# [WHAT YOU ARE ASKED TO DO]
Leave the pictures out, and transcribe the material below exactly from the line with "Aakar Granites, Madhapur" to the line with "Γυναικείο μπουφάν Nkd, Μέγεθος", both lines included.

# [DATA EXCERPTS]
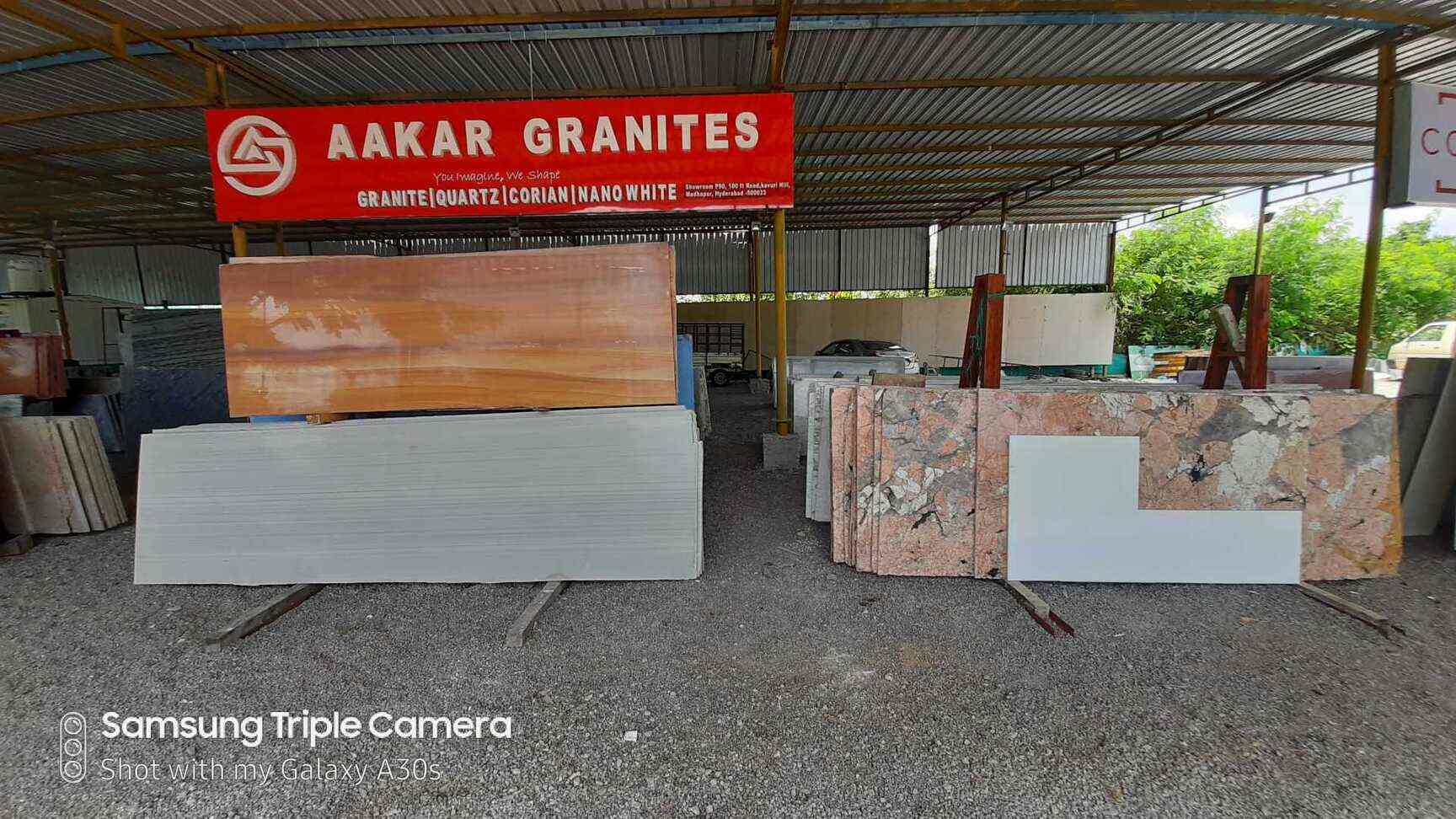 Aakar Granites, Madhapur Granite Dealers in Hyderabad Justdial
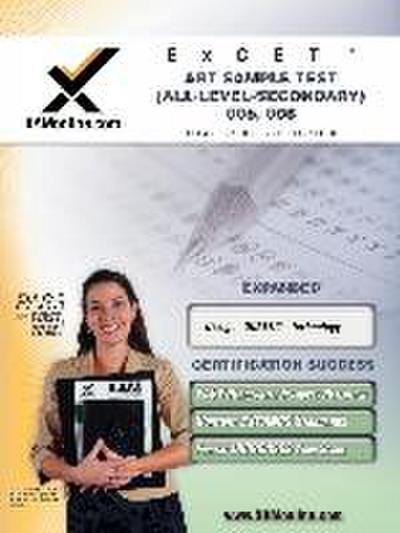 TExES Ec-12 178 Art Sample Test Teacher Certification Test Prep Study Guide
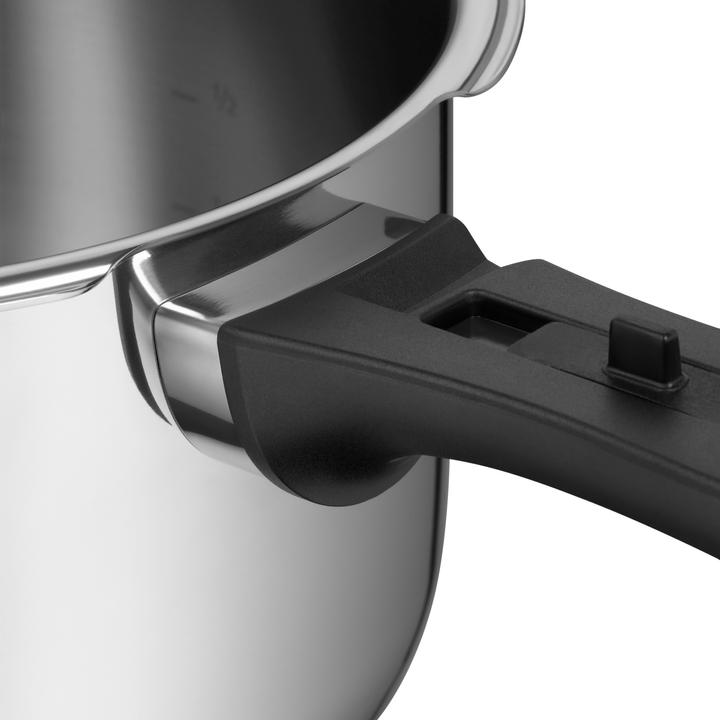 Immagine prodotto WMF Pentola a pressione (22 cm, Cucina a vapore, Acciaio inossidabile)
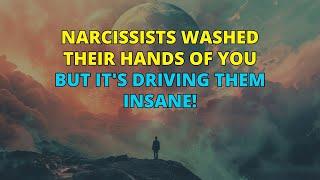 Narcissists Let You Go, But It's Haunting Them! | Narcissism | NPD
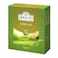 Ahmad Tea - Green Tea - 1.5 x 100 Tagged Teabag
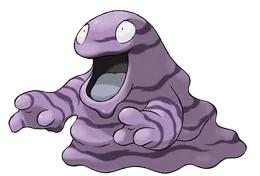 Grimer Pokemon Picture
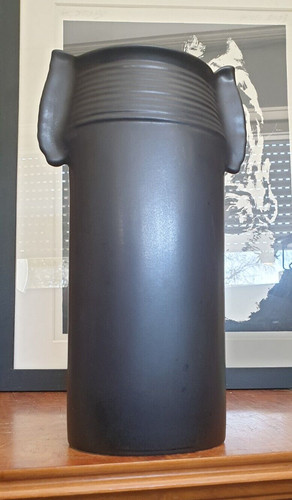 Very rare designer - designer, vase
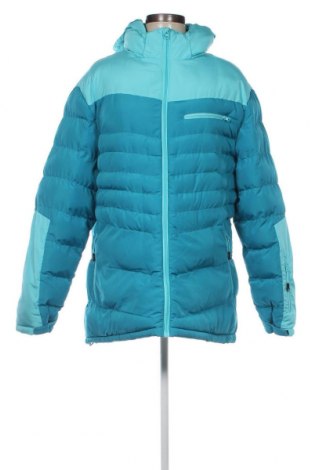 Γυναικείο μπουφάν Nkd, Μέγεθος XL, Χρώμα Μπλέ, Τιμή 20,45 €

--

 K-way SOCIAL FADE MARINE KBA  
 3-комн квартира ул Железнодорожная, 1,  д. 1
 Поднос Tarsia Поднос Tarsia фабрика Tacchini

==

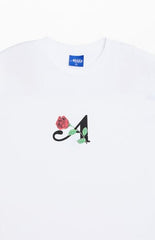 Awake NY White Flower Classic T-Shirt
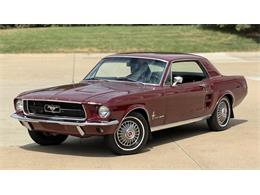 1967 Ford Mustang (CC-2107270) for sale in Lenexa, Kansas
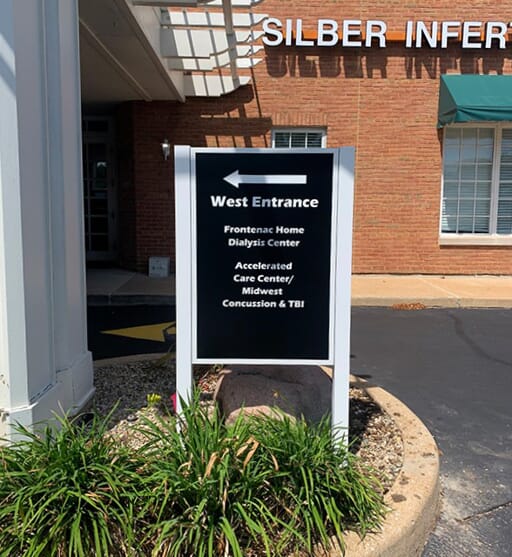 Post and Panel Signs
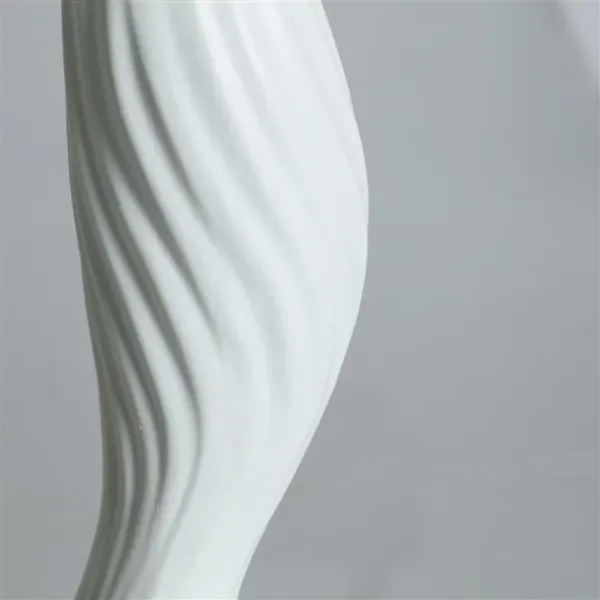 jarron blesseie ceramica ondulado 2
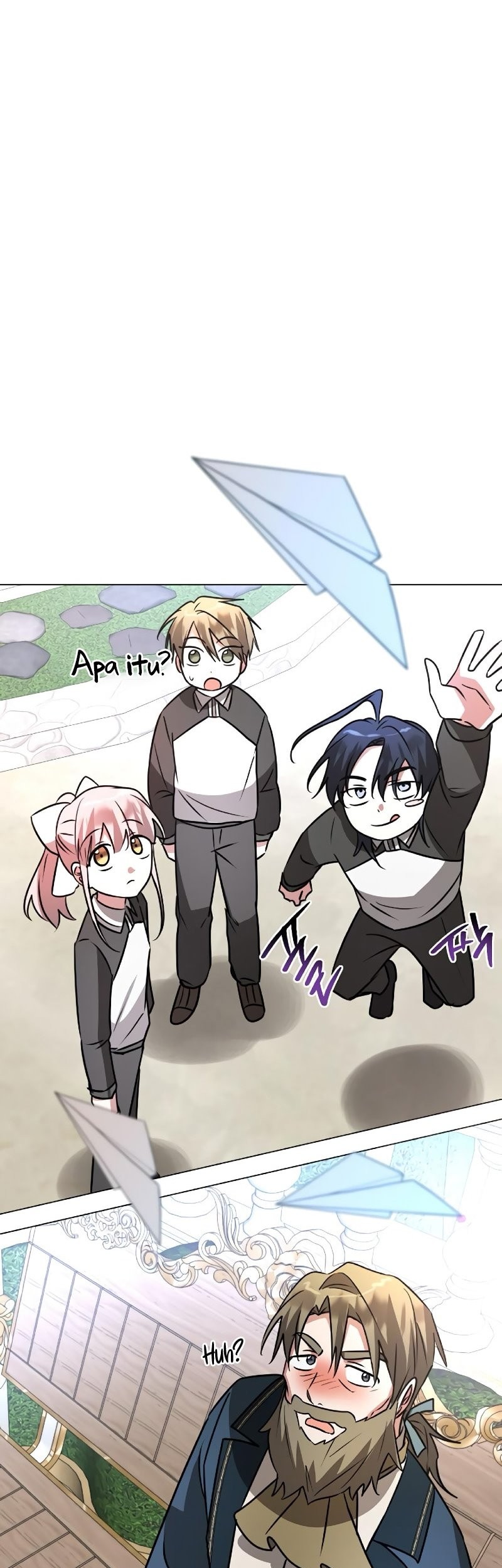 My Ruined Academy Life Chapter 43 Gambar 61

# [OUTPUT OF THE EXERCISE]
 Aakar Granites, Madhapur Granite Dealers in Hyderabad Justdial
 TExES Ec-12 178 Art Sample Test Teacher Certification Test Prep Study Guide
 Immagine prodotto WMF Pentola a pressione (22 cm, Cucina a vapore, Acciaio inossidabile)
 Narcissists Let You Go, But It's Haunting Them! | Narcissism | NPD
 Ahmad Tea - Green Tea - 1.5 x 100 Tagged Teabag
 Grimer Pokemon Picture
 Very rare designer - designer, vase
 Γυναικείο μπουφάν Nkd, Μέγεθος XL, Χρώμα Μπλέ, Τιμή 20,45 €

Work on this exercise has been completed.